The idea is that when you're dealing with an analytic function, if you know $f(a), f'(a), f''(a), ...$, then you already have all the information about $f$. If you also happen to know $f(b), f'(b), f''(b), ...$, well that information is totally redundant. Since $$f(x) = f(a)+f'(a)\cdot(x-a)+\frac{1}{2!}f''(a)\cdot(x-a)^2+\cdots = \sum_n \frac{f^{(n)}(a)}{n!}(x-a)^n$$ and $$f^{(n)}(x) = f^{(n)}(a) + f^{(n+1)}(a)\cdot(x-a) + \frac{1}{2!}f^{(n+2)}(a)\cdot(x-a)^2 + \cdots = \sum_m \frac{f^{(m)}(a)}{(m-n)!}(x-a)^{m-n},$$ just go into the series in question and substitute away all instances of $f^{(n)}(b)$. Then find the coefficient of $f^{(N)}(a)$ for each $N$; you'll find that you get $\frac{(b-a)^{N+1}}{(N+1)!}$ as the coefficient in both cases.

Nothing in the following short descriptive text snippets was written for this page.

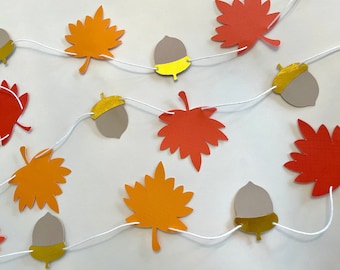 Fall Acorns and Leaves Garland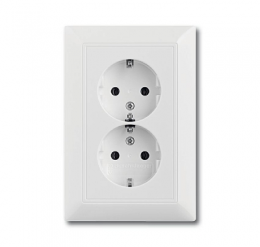 Изображение продукта Розетка двойная ABB Basic55 Schuko с/з 16A 250V безвинтовой зажим альпийский белый 
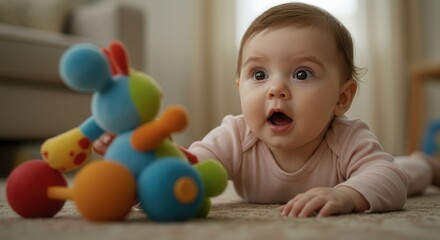 Baby girl crawling on carpet and reaching for colorful toy  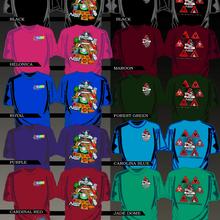 Designs displayed on shirts in available colors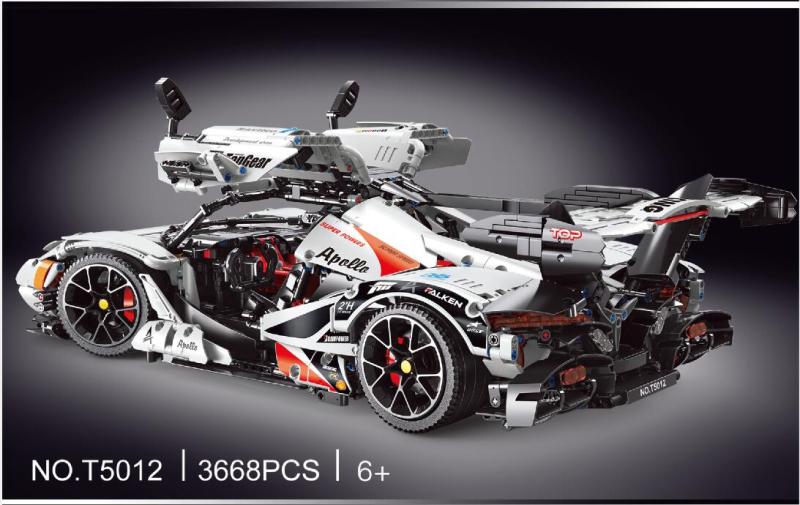 T5012A Electroplating White Technic sports car Model building blocks 3668pcs bricks set toys ship from China.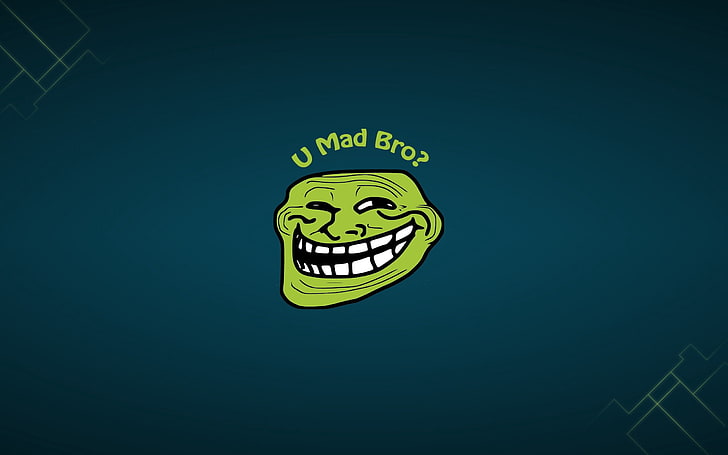 u mad bro? text meme, trollfeys, smile, background, figure, vector, HD wallpaper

Are you prepared for gory details? Are you sure you really want to see gory details?

So the first series in question is $$\sum_{n \ge 0}\frac{(b-a)^{n+1}}{(n+1)!} \left( f^{(n)}(a) \cdot \frac12 + f^{(n)}(b) \cdot (-1)^n \cdot\frac12\right).$$ Now do the substitution to get $$\sum_{n \ge 0}\frac{(b-a)^{n+1}}{(n+1)!} \left( \frac12 f^{(n)}(a) + \frac12 (-1)^n \sum_m \frac{f^{(m)}(a)}{(m-n)!}(b-a)^{m-n} \right).$$ The coefficient of $f^{(N)}(a)$ in this $$ \frac12 \frac{(b-a)^{N+1}}{(N+1)!} + \frac12 (-1)^0 \frac{(b-a)^{0+1}}{(0+1)!} \frac{(b-a)^{N-0}}{(N-0)!} + \frac12 (-1)^1 \frac{(b-a)^{1+1}}{(1+1)!} \frac{(b-a)^{N-1}}{(N-1)!} + \cdots + \frac12 (-1)^N \frac{(b-a)^{N+1}}{(N+1)!} \frac{(b-a)^{N-N}}{(N-N)!} $$ which can be rewritten as $$ \frac12 \frac{(b-a)^{N+1}}{(N+1)!} \left( 1 + (-1)^0 \binom{N+1}{1} + \cdots + (-1)^N \binom{N+1}{N+1} \right) .$$ Apply the binomial coefficient identity (i.e. just the binomial theorem) $$ (-1)^0 \binom{c}{0} + (-1)^1 \binom{c}{1} + \cdots + (-1)^c \binom{c}{c} = (1-1)^c = 0 $$ to get $\frac{(b-a)^{N+1}}{(N+1)!}$ as promised.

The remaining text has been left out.